Like every other industry, the MLM/direct
selling industry is reinventing itself electronically on the internet.
For many leading companies, e-commerce will dominate sales and relationships
with distributors and customers. MLM companies will be dramatically
impacted by new legislation such as the Uniform Electronics Transactions
Act and proposed legislation such as the Uniform Commercial Information
and Transactions Act.
legal question is whether a click of a mouse indicating agreement
to terms is a valid and enforceable acceptance of an agreement."
The origins are low tech.
Historically, you cannot find a business
more low tech than direct selling. By its very definition, direct
selling has meant person-to-person selling. A general scenario has
been one-to-one, one at a time. This has not been the business of
telemarketing, infomercials, saturation catalog marketing or mass
merchandising. Rather, its success has been built one customer and
one recruit at a time.
Times are changing.
But, that doesn't mean that the tools
of the trade for network marketers are not crossing the bridge to
the 21st Century. Today, network marketers sell and recruit by fax
on demand, voice mail, e-mail, internet, and every other method
of electronic telecommunication. They fax in orders, enter orders
by touch tone phone and even sign up new distributors and sell through
web sites on the internet.
This brings us to an interesting crossroad
in legal history. Are all of those digital and electronic impulses
sufficient to create legally binding agreements to join network
marketing companies and to order products - all done in a physical
place that doesn't even exist, Cyberspace? When the distributor\customer
goes "click-click" with their mouse, what is happening
legally? This is a question that many of us, including lawyers and
judges, will be asking in the next few years. The answer is that
this train of commerce is in motion, and it is going with or without
Is it an agreement?
We have reached the point that all
of a company's policies and procedures can be placed on the web
page for the potential distributor's review prior to indicating
his or her assent. The likely situation will be that the web page
will ask a question such as "I agree to review, become familiar
with and to abide by company policies and procedures." The
web page will then have two boxes that will allow the potential
distributor to indicate whether or not he or she agrees with the
terms and still wishes to become a distributor. The legal question
is whether a click of a mouse indicating agreement to terms is a
valid and enforceable acceptance of an agreement.
Contracts are made by phone every
day, such as the purchase of merchandise from catalog sellers, or
when a company is taking orders over the phone with a credit card
guaranteeing payment. Effectively, contracts over the internet are
basically contracts over the phone. Basically, they should be acceptable.
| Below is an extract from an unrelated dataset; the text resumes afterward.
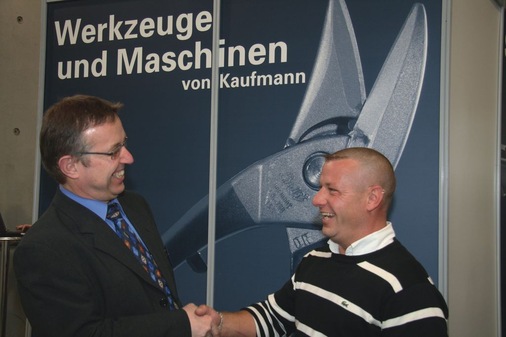 Kaufmann-Geschäftsführer Manfred Hösler begrüßt Dominik Holup aus Frankreich.

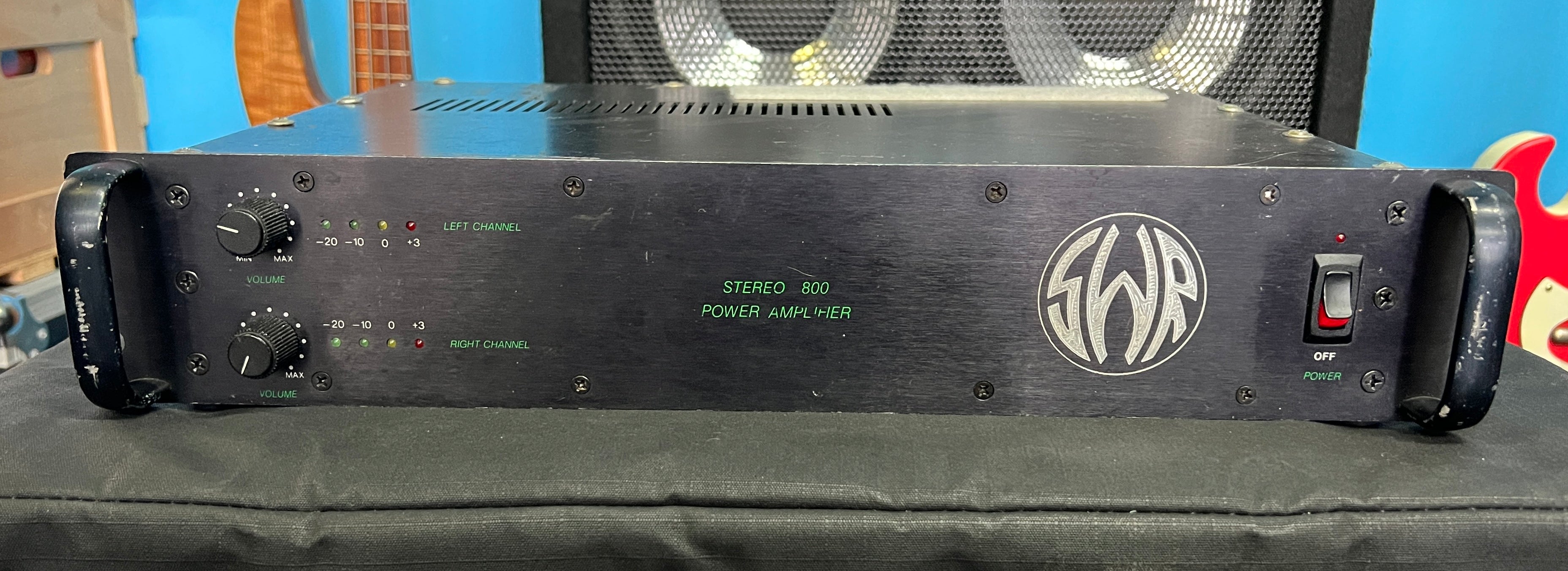 SWR Stereo 800 Bass Power Amp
There are some legal glitches, however,
with electronic contracts. The first is the problem of enforceability
of a contract where the terms are set by one party without discussion;
and the second problem is the problem of authentication, or what
type of signature is required to create a binding agreement.
Take it or leave it.
When one party sets the terms of a
contract and the other party has no real opportunity to negotiate
terms, the contract is sometimes referred to as a "contract
of adhesion." Such contracts sometimes, particularly where
they are unfair or overly one-sided, have been held to be unenforceable.
Rather than being bargained for in a normal contract fashion, they
are on a "take it or leave it" basis and sometimes contain
terms unknown to one of the contracting parties. However, the situation
where a potential distributor clicks an assent button without having
the entire policies and procedures in front of the person is no
different from the situation where a person signs up to become a
distributor without having a sales kit. It would seem that by continuing
as a distributor after receiving a sales kit, the new distributor
has exhibited acceptance of the terms.
Look to the computer industry.
Since there are no answers to be found
at this time in the direct selling industry, a good direction to
look for high tech answers is in the computer industry. For instance,
one federal court recently upheld the enforceability of "shrink-wrap"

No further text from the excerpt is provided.